I expect the input array to be large (256 to 4096 elements) and the values to be small (3 to 5 bits). Also, I expect the array to be sparse i.e. many small values and few large values.
I am primarily concerned with latency; area is not quite as important.
My current implementation that uses a comparator tree looks something like this:
implicit class reduceTreeOp[A](seq: Seq[A]) {
def reduceTree[B >: A](op: (B, B) => B): B = {
if(seq.length == 0)
throw new NoSuchElementException("cannot reduce empty Seq")
var rseq: Seq[B] = seq
while(rseq.length != 1)
rseq = rseq.grouped(2).toSeq
.map(s => if(s.length == 1) s(0) else op(s(0), s(1)))
rseq(0)
}
}
val (value, index) = array
.zipWithIndex
.map{case (v, i) => (v, i.U)}
.reduceTree[(UInt, UInt)]{case ((val1, idx1), (val2, idx2)) =>
val is1 = val1 >= idx2
( Mux(is1, val1, idx2),
Mux(is1, idx1, idx2))
}
FWIW this is designed for 7nm hardware; though I doubt this actually matters to my question.

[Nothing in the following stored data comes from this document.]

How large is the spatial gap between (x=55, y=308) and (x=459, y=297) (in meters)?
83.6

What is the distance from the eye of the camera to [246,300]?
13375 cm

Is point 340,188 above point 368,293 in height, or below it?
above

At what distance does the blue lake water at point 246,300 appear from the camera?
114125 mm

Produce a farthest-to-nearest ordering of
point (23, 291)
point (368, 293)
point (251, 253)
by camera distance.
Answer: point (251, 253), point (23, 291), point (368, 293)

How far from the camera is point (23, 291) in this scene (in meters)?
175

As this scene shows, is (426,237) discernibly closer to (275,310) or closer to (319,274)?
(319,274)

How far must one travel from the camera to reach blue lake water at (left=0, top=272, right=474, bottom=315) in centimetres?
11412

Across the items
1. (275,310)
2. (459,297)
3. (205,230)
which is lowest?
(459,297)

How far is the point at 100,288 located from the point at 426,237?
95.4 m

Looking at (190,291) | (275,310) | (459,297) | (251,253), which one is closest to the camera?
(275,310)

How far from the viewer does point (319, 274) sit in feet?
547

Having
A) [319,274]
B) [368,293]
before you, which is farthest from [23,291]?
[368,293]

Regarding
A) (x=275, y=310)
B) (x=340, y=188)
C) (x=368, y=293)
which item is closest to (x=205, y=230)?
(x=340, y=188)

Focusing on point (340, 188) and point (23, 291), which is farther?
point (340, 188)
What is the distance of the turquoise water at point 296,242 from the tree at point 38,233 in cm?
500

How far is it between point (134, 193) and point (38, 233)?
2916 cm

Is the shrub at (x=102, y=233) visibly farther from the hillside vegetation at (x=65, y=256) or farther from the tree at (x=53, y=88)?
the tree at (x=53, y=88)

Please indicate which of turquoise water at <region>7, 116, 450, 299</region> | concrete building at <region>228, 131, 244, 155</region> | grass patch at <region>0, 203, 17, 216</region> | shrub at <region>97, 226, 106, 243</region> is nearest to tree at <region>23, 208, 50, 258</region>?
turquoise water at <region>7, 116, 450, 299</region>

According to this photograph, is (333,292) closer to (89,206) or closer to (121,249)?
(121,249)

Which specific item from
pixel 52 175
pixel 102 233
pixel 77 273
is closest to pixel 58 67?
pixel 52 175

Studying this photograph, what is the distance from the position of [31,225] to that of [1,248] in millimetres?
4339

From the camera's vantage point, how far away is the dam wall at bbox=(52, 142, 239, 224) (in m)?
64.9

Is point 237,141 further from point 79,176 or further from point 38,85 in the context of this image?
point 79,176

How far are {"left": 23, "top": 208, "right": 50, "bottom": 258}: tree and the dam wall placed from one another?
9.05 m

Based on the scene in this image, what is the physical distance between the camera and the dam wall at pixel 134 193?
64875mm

I found an algorithm that works by inverting the array. Essentially, a new array is created with a slot for each possible value, each element of the original array is sorted into a slot depending on the value, and finally, the new array can be priority encoded to find the highest slot with an element.

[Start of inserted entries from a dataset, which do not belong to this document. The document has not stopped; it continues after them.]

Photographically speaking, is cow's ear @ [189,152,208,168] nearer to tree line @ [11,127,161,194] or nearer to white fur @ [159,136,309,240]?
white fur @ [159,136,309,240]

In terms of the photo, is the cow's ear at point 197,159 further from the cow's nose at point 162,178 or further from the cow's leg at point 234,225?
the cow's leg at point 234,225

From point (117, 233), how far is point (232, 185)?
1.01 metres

The implementation looks something like the following:
// VALUE_SPACE: number of possible values
val exists = WireDefault(VecInit(Seq.fill(VALUE_SPACE)(false.B)))
val index = Wire(Vec(VALUE_SPACE, UInt(log2ceil(array.length).W)))
index := DontCare
array.zipWithIndex.foreach{case (v, i) =>
exists(v) := true.B
index(v) := i.U
}
maxVal := VALUE_SPACE.U - PriorityEncoder(exists.reverse)
maxidx := PriorityMux(exists.reverse, index.reverse)
This algorithm gave me approximately 2.5x speedup over the comparator tree when using an array with 256 4-bit elements. However, it used much more area, and it probably only has benefit if the number of possible values is very small.